Community School

Schools of Distinction Profile

Community School in Roanoke, Virginia was recognized as an inaugural AMLE School of Distinction in 2022. One of the goals of the program is to foster a network of schools that share promising practices positively impacting young adolescents. The below profile provides highlights a few of Community School’s exemplary practices aligned with the 18 Characteristics of Successful Middle Schools.

Connect with Community School Leadership Team

Demographic Information

Location: Roanoke, Virginia
School Setting: Rural
Grade Configuration: 5-8
School Enrollment: 59


Linda Roth, Executive Director
Katrina Hill, Middle School Coordinator

Key Practices

  • Recognition of different learning styles, levels of learning and rates of development that allows students to progress at their own pace
  • Creation of an accepting and inclusive space where each student feels nurtured and valued
  • Strong advisory program
  • Emphasis on leadership skills, responsibility, and service to others
  • Respect for individual, interdisciplinary and cooperative learning, and self-assessment
  • Collaborative learning environment that puts students at the center of the process
  • Frequent off-campus learning opportunities
  • Integrated curriculum with arts, language, and technology

Highlights of Exemplary Practices Aligned with the 18 Characteristics of Successful Middle Schools

Characteristic 3: Every student’s academic and personal development is guided by an adult advocate.

The Advisory Program at Community School emphasizes and supports academic and social/emotional development. Students meet with their advisor four times a week and are given opportunities to check in with their hearts, minds, and bodies, to reflect on their needs or challenges, and set appropriate goals for themselves during the year. Students stay with their advisor throughout their time in middle school. Examples of advisory activities include pairing up with a middle elementary class to read together during an advisee time. And, a new tradition for advisee groups– a family recipe cookie swap!

What This Looks Like In Practice: We have five advisee groups, each with its own animal mascot. During our advisee meetings, we give students time to share personal updates, talk through concerns or worries, work on homework, or connect with peers for help with academic and social/emotional topics. Sometimes we use these periods to have fun; we play games together, compete against other advisee groups, create routines and traditions, or host special small group events (last year, two of our advisee groups got together for a holiday cookie exchange). Over the course of their time in middle school, advisors have time to develop relationships with families and can support their students through the challenges of adolescence.
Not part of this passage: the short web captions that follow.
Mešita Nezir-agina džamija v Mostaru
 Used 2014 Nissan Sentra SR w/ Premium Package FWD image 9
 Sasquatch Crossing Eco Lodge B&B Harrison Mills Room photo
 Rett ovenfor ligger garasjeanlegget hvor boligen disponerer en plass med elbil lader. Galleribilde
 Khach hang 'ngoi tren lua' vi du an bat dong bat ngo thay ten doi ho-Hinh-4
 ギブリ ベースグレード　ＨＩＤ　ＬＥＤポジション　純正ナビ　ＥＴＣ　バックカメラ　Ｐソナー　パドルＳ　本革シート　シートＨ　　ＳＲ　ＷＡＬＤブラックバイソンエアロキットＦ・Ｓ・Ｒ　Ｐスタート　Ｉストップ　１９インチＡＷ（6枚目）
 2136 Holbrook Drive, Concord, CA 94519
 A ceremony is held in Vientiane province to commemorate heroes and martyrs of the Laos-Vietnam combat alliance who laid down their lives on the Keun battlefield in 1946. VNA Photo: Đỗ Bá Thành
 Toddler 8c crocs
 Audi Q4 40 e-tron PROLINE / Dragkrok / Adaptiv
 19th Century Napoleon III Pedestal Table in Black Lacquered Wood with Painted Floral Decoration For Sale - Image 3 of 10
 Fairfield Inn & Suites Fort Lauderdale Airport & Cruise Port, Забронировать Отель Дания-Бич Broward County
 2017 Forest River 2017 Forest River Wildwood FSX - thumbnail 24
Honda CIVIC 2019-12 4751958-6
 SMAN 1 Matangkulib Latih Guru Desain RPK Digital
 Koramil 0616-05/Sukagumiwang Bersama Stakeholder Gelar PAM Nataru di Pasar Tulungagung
We meet for regular conferences throughout the school year, setting goals together as a team.

Characteristic 7: The school collaborates with community and business partners.

Our mission states that “We strive to nurture brave, good and curious citizens…”

We want our students to recognize that they are part of a larger community and find many ways for them to connect with educational resources, including businesses, non-profits, and cultural centers. In addition, students are able to be involved with service learning on and off campus. Currently, middle school students are beginning to work with a local artist to participate in a global art project related to empathy, peace and inclusiveness.

What This Looks Like In Practice: We often invite guest speakers from across our valley to speak on relevant topics; this allows students to learn from a variety of perspectives. As often as possible, we try to take students off campus to work with organizations and businesses; Friday Groups are a time when this is easier to coordinate.

Characteristic 9: Curriculum is exploratory, integrative, and diverse.

Community School’s unique elective program provides in-depth, hands-on explorations of a range of subjects that typically extend all day each Friday for 5 to 6 weeks. This time allows for field trips, guest speakers, community service projects and productions. Topics range from field biology, playwriting, robotics, and model United Nations simulations to Appalachian music studies, Shakespeare, outdoor adventure, and studio art.

Characteristic 11: Instruction fosters learning that is active, purposeful and democratic.

Community School believes that students should be fully engaged and at the center of the learning process. Project-based learning which stresses cooperative problem-solving and critical thinking skills promotes a climate that empowers students to ask questions, consider different points of view and take responsibility for their research. Student groups often must work together to present their final results to a class, a different level at school or to families and staff. As one example, during our unit on pre-Columbian North America students learned about the tribes across the continent. One student spent extra time researching the tribes who lived on the land where our school is located and created an art piece to display on campus.

Characteristic 16: Leaders demonstrate courage and collaboration.

Staff is encouraged to be innovative and creative in addressing student needs. They are invited to give input to address challenges and assist with the redesign of schedules or change practices that are no longer meeting students’ best interests. Our advisory program has adjusted its focus over the last five years to be more responsive to current concerns and social dynamics. This year we will be introducing an Ambassador Program to welcome visiting students and to facilitate the transition for new students.